After receiving the Ten Commandments, Moses says to the nation: “I set before you blessings and curses, Life and death. Now choose life, so that you and your descendants might live”. (Duet 30) Life emerges (as a blessing) when we as individuals and together in community adhere to the covenant. We do not enter the Biblical Covenant alone, we enter with God and each other. God’s ancient vision calls us to love our neighbor as ourselves, to do justice, practice mercy, and to treat the resident immigrant as one of us. This ancient covenant invests justice within a community, inside a series of laws. The blessings of Justice are not found in mob violence or isolated individual righteousness. Like Love, Justice is systemic. Jesus brings the Good News of the kin-dom of God. God’s Love comes to all to warm individual hearts, but God’s Love is not isolated inside personal faith or individual practise-Love is expressed in collective community action: loving neighbors and strangers as we love our own kinfolks.

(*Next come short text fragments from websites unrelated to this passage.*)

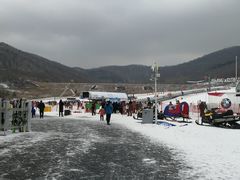 -中旅松花湖滑雪场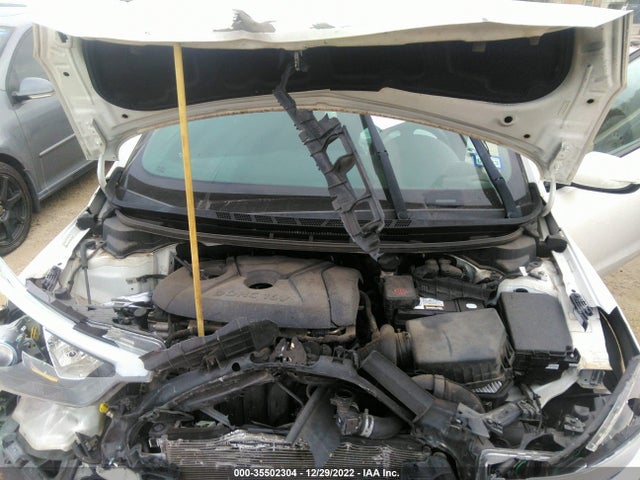 2016 Kia Forte Lx მანქანა იყიდება აუქციონზე, vin: KNAFK4A65G5607004, აუქციონის ნომერი: 35502304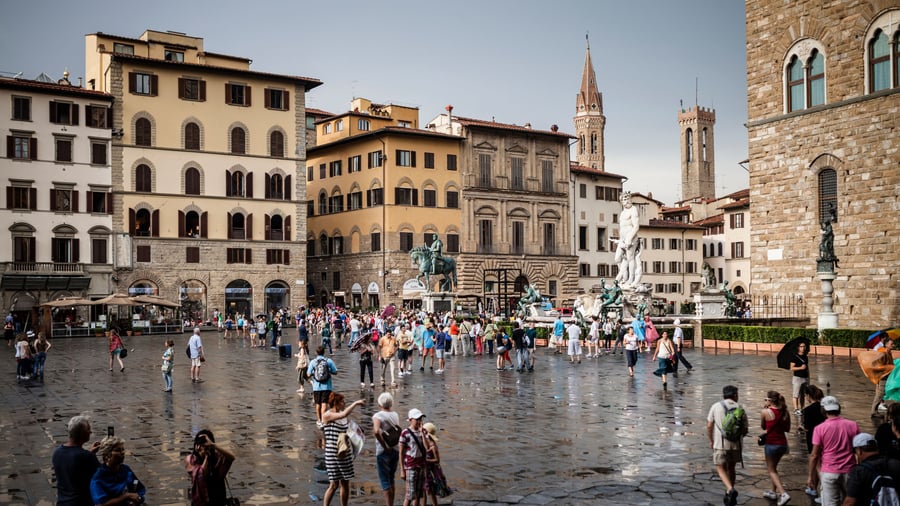 Rentnerparadies  : Steuerschnäppchen und gute Versorgung – So kann der Ruhestand in Italien gelingen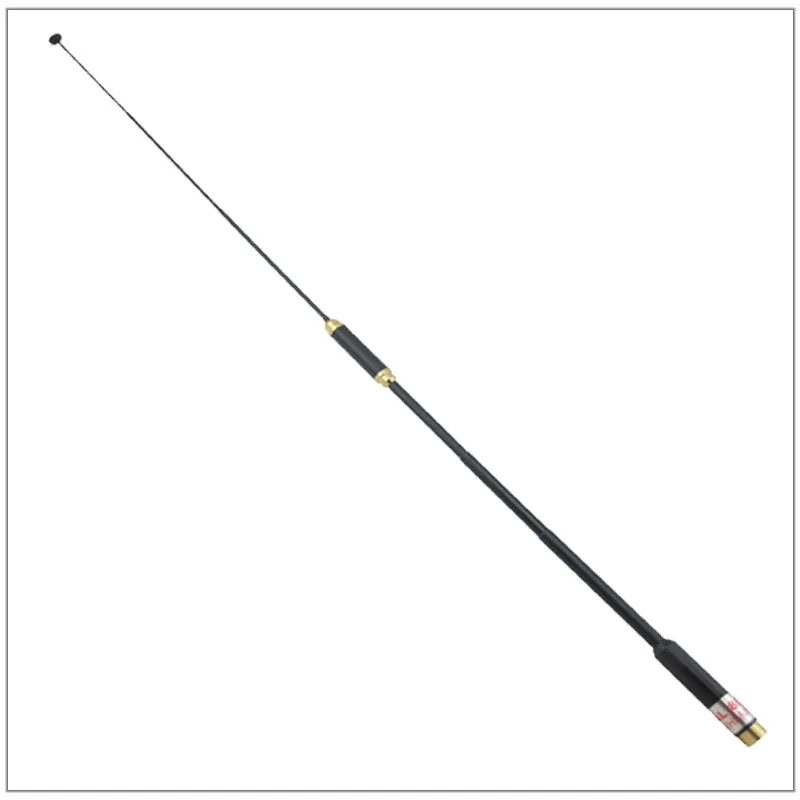 1PC AL-800BNC SMA-M SMA-F dual frequency 144/430mhz high gain antenna is suitable for Kenwood tyt hyt Baofeng walkie-talkie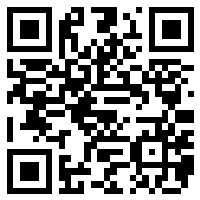 QR Code for bitcoin:3GHw2AdCfpDxbjQFr3G75vY6S2eeYCubsm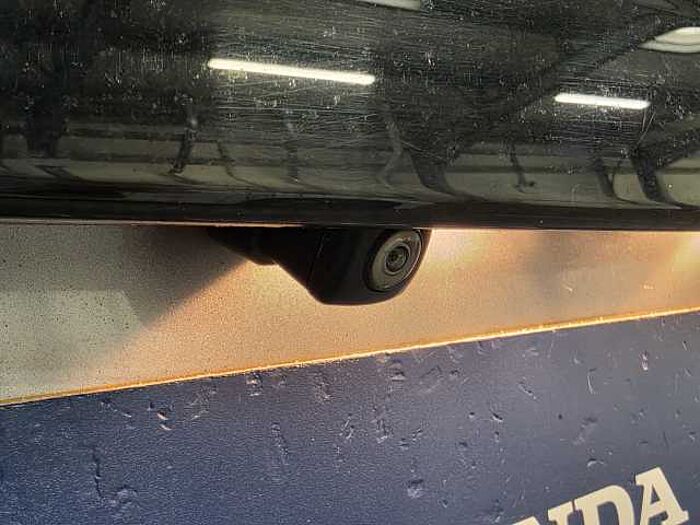 Honda Jazz 1.3 i-VTEC EX Navi 5dr CVT 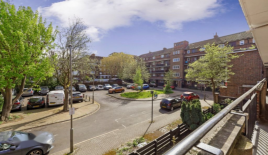 Квартира за 300 000 евро в Лондоне, Великобритания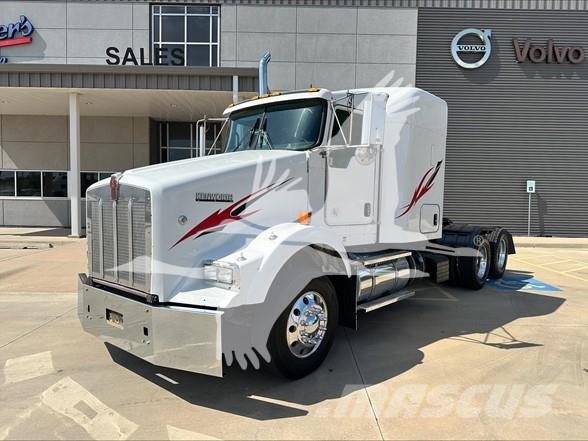 Kenworth T800 Ťahače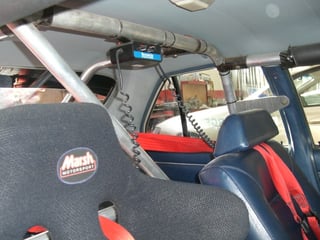 1972 HQ Holden Race Car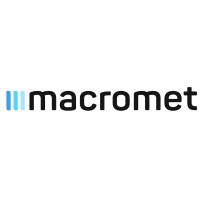 Macromet logo - Similar company to Goldsys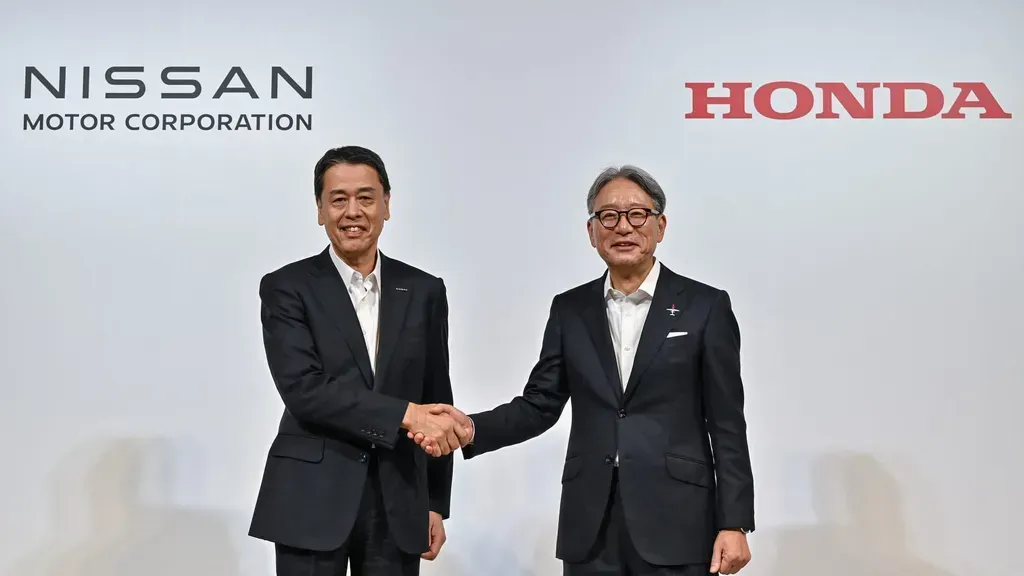 Nissan Considers Merger with Honda Amid Share Price Changes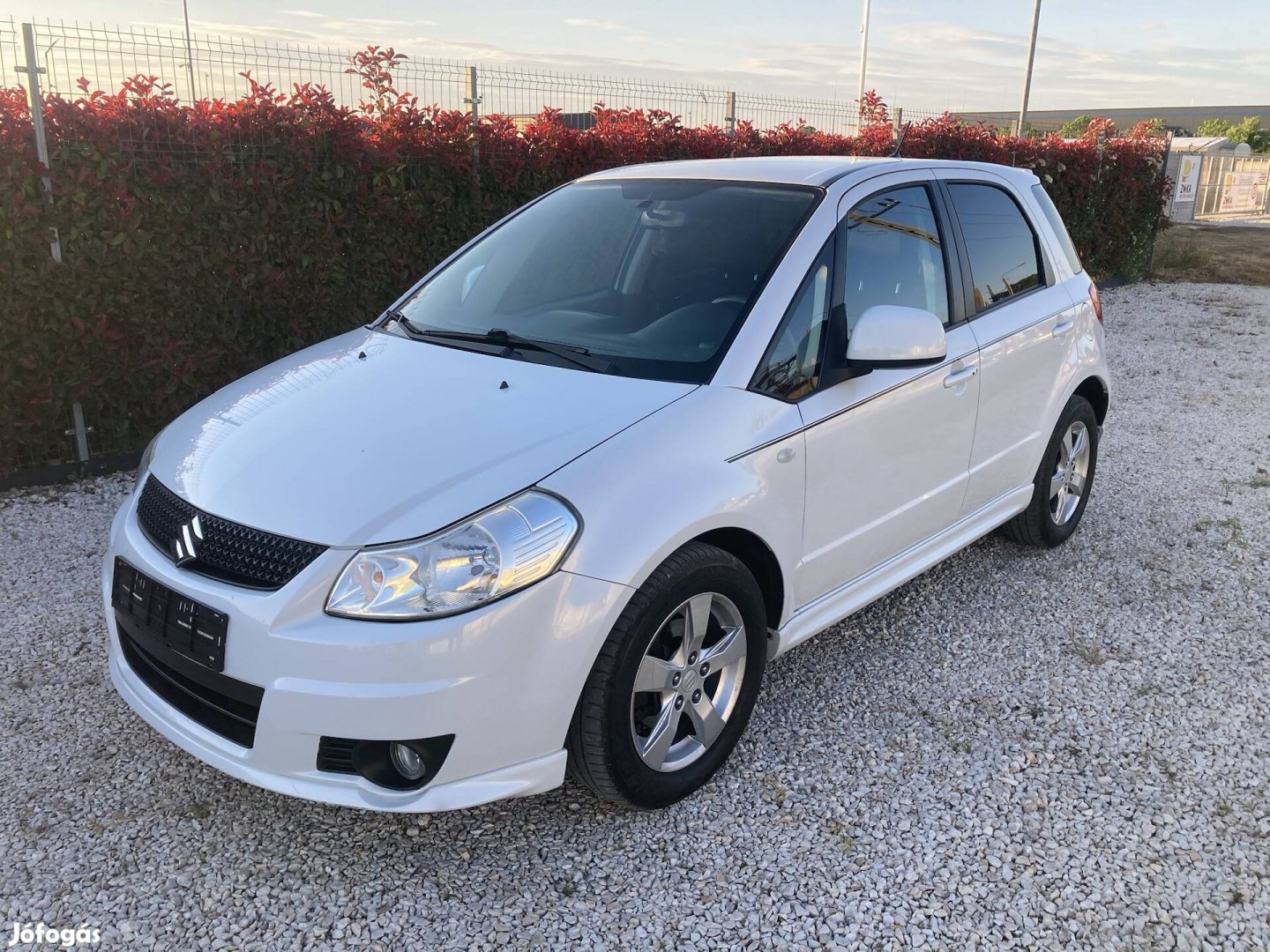 Suzuki SX4 1.6 GS AC AC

Amazingly, Christ pushes the boundaries of our love by calling us to extend love even to our enemies. This love is not a warm fuzzy feeling towards evil-doers. Dr King describes such sentimentality as “emotional Bosh”! Love is a deep sense of redemptive goodwill, demonstrated in ethics and equality, which we must extend to all people. Wesley said even to the enemies of God.

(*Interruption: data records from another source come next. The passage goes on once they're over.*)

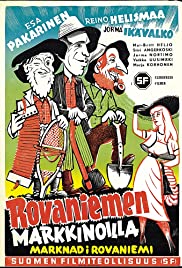 Rovaniemen markkinoilla (1951) cover
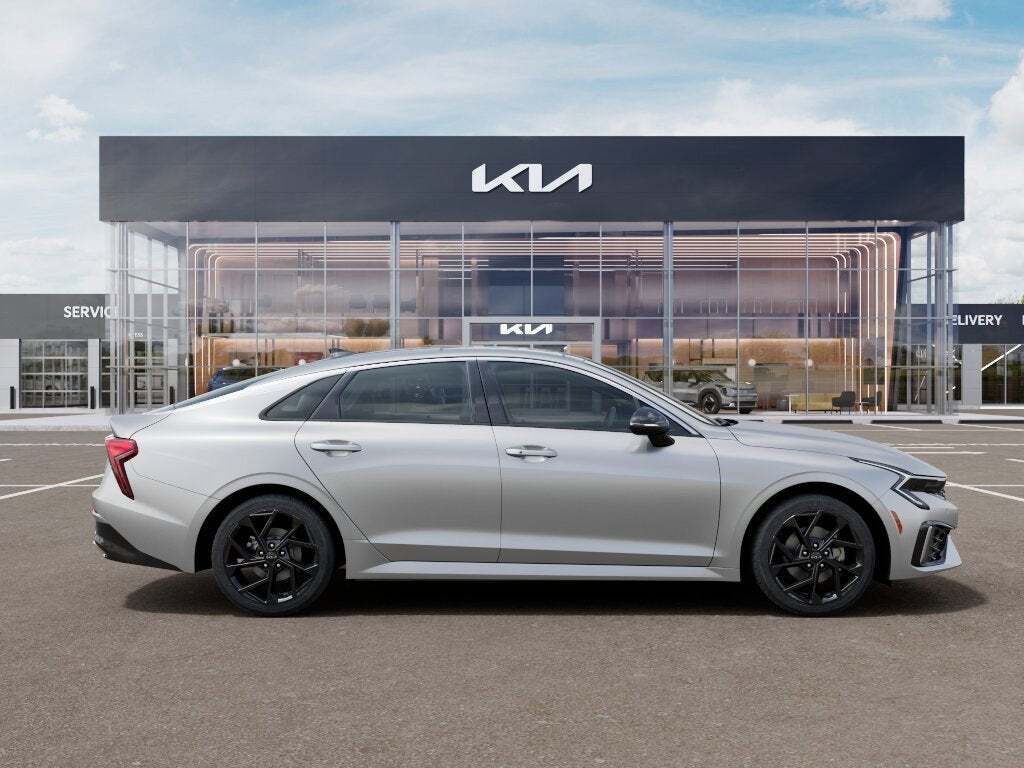 2027 Kia K5 GT-LINE Roseville CA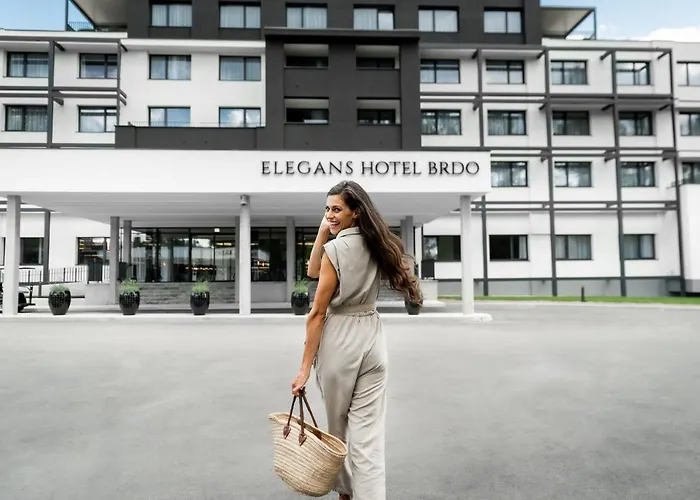 Hotel Elegans Brdo Kranj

So when something as accursed, violent, and destructive as an explosion seeks to disrupt life and destroy community, we must resist that evil with strong ethics, equality and collective action. We must root our responses in love for our neighbors, those who come to us as strangers, and to even the perpetrators and “their” people.
The Golden Rule moves us out of tribalism and asks us: How would I respond if one of “my” people (my kindred, party, race or ideology ) perpetrated this terrible act? Racism and many politicians thrive on blame. But, “Know this: everyone should be quick to listen, slow to speak and slower to grow angry. An angry person doesn’t produce righteousness” or build community! (James 1) A slow response requires spiritual maturity. We want to rush in and confirm or even insert our biases. Blame once cast is not so easily retracted. Hate only tears down- it rebuilds nothing. Blame allows us to live without self-examination. Blame deceives us into believing that we can live outside of community: “we” Blame “them”. Blame acquits “our” people without a trial. Our black and brown siblings know that one individual’s action can unleash a tidal wave of retribution, racism, and retaliation upon an innocent community for years. Conversely, the white majority sees white violence against our black or brown siblings as isolated individual actions not tied to “them”. Love refuses such non-systematic understandings of justice or community.
To truly Live, we must come to mourn all losses together, render aid together, and collectively rebuild. Let us celebrate all our heroes and helpers. Let us pray for all wounded in heart or body by the Nashville explosion and injustices everywhere. Let us ask ourselves: “Lord, how can I bring healing- how can I help build community? Lord, do my words bring harm or healing? Lord, am I listening? Jesus, what does love, equality, justice, and community require of me?”